Afición ciega razón
Mon très cher papa,
Je vous écris cette lettre alors que je me trouve sur ce bateau qui m’emmène loin de vous … loin de votre peine … loin de votre colère. J’aurais préféré partir en sachant que vous étiez heureux pour moi mais je ne vous ai jamais inspiré un tel sentiment. Mon existence vous a toujours causé beaucoup de tristesse et de soucis. Je ne vous en veux pas, mon cher papa. Comment le pourrais-je ? Il est établi que tous les hommes désirent des garçons pour assurer la succession… Malheureusement, vous avez eu beaucoup de filles… Certes John et James sont venus égaillés vos vieux jours… Vous les avez toujours aimés plus que moi et Janet. Nous avons compris depuis que nous sommes enfants que vous étiez déçu d’avoir eu deux filles, deux bouches à nourrir inutilement… Mon cher papa, je sais bien que vous ne lirez jamais ses quelques mots car vous nous avez quittés mais j’ai besoin de vous dire tout le mal que vous m’avez fait. Je mentais en vous disant que je ne vous en voulais pas… Je vous hais de tout mon cœur. Jamais ce sentiment ne pourra disparaitre. Vous avez tout fait pour alimenter cette rancœur.
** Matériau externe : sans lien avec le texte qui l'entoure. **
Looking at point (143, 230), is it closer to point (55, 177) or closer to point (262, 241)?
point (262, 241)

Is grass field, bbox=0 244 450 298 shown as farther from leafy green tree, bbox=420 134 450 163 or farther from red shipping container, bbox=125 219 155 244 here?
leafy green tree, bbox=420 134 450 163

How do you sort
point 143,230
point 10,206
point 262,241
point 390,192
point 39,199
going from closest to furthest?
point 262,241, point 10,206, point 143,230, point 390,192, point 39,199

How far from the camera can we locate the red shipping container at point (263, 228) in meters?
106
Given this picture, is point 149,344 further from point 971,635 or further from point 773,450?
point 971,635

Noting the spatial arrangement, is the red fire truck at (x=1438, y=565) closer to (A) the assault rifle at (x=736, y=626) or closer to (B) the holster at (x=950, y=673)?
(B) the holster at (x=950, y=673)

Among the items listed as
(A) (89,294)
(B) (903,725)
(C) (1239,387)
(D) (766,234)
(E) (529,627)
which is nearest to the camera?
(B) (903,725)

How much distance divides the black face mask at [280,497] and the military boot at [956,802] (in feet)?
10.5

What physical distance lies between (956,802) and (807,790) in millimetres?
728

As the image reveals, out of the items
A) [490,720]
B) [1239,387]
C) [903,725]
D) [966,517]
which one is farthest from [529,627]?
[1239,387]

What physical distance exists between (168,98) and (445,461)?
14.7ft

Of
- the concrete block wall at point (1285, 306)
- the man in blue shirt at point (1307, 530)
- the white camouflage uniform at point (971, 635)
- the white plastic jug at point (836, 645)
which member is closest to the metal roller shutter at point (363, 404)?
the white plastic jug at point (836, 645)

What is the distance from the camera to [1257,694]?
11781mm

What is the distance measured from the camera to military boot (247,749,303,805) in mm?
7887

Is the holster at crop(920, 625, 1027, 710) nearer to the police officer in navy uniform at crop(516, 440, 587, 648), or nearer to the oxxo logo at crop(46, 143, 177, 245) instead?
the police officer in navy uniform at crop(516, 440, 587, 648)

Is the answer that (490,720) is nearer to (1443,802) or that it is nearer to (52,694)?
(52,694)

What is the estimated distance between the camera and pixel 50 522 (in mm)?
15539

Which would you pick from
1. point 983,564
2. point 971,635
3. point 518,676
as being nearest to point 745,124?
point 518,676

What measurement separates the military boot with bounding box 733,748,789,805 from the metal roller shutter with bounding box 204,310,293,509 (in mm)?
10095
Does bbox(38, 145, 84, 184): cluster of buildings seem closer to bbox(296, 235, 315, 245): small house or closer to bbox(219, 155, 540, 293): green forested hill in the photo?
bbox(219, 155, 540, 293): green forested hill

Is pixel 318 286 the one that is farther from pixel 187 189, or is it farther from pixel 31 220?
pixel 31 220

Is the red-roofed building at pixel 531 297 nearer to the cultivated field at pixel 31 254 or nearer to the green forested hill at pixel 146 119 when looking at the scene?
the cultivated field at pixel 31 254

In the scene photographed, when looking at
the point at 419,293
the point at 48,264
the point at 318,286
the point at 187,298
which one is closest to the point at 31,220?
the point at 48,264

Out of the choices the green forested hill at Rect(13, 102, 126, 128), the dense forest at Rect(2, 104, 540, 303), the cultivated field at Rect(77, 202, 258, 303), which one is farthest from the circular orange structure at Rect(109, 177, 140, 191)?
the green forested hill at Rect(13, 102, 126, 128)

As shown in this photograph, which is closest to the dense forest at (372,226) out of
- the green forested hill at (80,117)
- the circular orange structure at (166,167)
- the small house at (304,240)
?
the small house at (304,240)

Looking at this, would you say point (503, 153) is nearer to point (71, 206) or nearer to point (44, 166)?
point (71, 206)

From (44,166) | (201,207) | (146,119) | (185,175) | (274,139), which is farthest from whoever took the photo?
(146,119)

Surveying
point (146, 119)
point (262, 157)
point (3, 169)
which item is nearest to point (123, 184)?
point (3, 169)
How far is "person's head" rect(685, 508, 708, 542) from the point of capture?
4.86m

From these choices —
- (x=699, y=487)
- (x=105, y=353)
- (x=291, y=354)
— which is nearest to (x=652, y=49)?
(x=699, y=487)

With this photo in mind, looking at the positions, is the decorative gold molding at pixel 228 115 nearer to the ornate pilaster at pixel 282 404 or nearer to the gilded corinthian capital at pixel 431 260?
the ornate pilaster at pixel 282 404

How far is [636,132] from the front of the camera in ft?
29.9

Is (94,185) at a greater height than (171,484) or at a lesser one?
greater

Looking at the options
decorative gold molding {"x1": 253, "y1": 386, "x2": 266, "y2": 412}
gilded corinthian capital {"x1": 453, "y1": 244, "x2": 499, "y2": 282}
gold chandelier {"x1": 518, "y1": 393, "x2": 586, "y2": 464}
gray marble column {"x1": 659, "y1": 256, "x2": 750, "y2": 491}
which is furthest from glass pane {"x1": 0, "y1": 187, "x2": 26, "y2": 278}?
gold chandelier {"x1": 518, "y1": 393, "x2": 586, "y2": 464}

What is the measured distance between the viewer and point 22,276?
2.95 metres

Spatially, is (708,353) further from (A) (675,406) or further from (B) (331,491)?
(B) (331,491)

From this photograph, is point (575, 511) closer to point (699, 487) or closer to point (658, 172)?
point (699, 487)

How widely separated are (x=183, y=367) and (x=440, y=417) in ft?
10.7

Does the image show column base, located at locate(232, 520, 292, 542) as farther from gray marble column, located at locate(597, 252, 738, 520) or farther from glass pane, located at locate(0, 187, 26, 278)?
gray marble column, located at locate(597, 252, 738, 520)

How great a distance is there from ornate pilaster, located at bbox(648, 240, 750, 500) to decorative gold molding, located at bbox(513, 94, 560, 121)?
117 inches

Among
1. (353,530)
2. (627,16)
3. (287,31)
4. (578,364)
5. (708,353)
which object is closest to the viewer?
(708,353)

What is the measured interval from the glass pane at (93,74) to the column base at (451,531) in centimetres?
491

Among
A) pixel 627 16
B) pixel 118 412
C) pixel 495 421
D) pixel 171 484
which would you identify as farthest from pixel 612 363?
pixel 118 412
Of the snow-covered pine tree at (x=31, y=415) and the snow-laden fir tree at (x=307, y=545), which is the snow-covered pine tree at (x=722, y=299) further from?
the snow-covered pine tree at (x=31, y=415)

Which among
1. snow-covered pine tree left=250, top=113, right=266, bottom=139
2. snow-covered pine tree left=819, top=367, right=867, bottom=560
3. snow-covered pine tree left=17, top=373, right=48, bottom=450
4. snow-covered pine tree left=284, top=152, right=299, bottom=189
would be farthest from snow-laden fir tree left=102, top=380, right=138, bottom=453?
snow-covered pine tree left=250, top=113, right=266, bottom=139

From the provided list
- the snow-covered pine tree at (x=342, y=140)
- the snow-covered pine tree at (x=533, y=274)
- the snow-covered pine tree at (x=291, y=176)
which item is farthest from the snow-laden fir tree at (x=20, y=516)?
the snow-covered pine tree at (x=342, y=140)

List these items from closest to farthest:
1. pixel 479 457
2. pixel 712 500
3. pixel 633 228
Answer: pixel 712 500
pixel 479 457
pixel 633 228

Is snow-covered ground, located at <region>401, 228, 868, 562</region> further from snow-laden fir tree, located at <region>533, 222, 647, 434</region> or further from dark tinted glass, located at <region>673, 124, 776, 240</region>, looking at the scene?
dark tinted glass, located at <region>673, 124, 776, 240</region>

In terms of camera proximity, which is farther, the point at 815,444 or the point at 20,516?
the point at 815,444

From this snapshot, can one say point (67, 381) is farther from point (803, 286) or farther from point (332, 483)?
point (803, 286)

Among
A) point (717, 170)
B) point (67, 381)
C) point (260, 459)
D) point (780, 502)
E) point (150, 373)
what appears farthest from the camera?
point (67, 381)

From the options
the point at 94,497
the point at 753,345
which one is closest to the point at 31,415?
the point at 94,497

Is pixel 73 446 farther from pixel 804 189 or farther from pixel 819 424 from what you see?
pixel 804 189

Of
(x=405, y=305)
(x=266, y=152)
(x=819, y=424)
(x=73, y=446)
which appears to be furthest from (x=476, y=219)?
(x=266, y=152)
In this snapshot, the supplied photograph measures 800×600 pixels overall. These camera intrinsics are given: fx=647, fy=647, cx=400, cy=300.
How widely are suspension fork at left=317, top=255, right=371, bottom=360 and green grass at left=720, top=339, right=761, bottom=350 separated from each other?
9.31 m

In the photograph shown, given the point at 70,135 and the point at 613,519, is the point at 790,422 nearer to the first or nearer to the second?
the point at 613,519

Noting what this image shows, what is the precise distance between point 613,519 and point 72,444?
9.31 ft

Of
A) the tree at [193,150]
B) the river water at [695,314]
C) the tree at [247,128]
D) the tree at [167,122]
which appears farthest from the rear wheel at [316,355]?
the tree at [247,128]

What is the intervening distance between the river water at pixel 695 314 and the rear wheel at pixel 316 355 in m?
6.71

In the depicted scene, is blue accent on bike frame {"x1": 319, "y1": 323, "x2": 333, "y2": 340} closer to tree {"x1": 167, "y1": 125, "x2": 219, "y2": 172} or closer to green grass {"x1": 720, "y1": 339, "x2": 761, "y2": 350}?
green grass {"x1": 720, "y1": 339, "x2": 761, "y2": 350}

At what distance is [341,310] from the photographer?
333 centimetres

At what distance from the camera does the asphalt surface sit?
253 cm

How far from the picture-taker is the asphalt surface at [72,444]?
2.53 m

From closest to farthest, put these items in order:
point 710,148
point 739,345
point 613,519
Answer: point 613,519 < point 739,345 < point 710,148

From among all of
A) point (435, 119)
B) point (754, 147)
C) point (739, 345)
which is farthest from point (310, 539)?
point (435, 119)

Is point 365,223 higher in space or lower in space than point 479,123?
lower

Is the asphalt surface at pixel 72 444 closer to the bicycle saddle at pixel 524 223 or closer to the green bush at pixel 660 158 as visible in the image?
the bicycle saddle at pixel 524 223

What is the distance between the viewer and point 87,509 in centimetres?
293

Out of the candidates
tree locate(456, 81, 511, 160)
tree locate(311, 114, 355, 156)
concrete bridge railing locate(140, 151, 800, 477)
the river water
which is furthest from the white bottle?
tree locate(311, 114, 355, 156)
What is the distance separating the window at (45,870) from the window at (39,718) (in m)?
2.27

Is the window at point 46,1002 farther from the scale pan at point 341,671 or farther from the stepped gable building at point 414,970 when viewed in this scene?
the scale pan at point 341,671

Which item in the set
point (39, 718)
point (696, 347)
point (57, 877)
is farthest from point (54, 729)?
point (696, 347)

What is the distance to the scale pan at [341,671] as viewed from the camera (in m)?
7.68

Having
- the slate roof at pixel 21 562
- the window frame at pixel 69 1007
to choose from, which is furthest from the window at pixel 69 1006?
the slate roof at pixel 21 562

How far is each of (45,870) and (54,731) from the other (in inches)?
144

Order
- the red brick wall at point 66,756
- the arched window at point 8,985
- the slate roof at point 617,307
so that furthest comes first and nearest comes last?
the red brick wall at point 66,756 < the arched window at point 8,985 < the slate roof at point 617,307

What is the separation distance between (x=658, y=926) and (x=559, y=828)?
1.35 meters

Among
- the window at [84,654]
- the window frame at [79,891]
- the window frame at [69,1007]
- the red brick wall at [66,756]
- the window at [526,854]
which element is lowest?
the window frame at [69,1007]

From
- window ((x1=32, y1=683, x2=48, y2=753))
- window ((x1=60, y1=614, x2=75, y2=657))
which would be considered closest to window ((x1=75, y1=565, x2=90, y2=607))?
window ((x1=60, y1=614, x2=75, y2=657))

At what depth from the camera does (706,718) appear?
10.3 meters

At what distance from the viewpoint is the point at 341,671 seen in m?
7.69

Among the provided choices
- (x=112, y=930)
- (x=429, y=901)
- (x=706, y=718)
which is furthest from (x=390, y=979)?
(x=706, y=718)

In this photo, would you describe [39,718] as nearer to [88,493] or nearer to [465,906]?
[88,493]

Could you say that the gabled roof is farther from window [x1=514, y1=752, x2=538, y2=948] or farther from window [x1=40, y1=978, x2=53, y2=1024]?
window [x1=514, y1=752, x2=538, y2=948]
Jane Stuart, douce maman, vous a épousé mais comme j’aurais aimé qu’elle s’en abstienne. Je suis venue rapidement au monde. Quelle déception ! Une fille ! Mon bon papa, j’aurais aimé être un garçon car ainsi vous m’auriez traitée avec plus de compassion. Ma pauvre maman n’a cessé de vous décevoir car après moi, elle vous a encore donné une fille. Janet avait un peu plus de chance que moi… Etant l’aînée, vous avez espéré que vous pourriez me faire épouser un seigneur fortuné et titré avec lequel une alliance serait bénéfique… pour vous uniquement. Ah cher papa ! J’ai contrarié vos plans toute ma vie et jusqu’à mon dernier souffle, je ferai tout pour vous déplaire.
Mon enfance, je l’ai passée enfermée dans notre demeure à suivre des cours avec des précepteurs. Vous espériez secrètement que ma jolie petite tête blonde serait assez bien faite pour me permettre d’attraper un bon parti… Grâce à vous, j’ai appris à parler français, espagnol à la perfection. Je danse correctement. Je joue plutôt bien. Ma chère Agnès est plus douée dans ce domaine que moi. Je respecte l’étiquette… mais à votre plus grand malheur, je suis incapable de tenir ma langue. Toute mon enfance, on a essayé de me faire apprendre le silence et à tenir ma place. Comment pourrais-je y arriver alors que la colère, la haine règnent sur mon cœur ? Ces sentiments ne veulent pas cesser leur pouvoir sur moi. Je ne crois pas que j’ai envie de les voir disparaître. Imaginez à quel point, il est difficile pour une enfant de voir ses frères et ses sœurs joués ensemble dans le jardin ou chahuter dans la maison alors que l’on ne peut pas participer à ses activités somme toute enfantine. Je suis une étrangère pour mes cadets. Seule Janet me connait un peu mieux car seulement deux années nous séparent. Elle sait à quel point vous avez été dur avec moi.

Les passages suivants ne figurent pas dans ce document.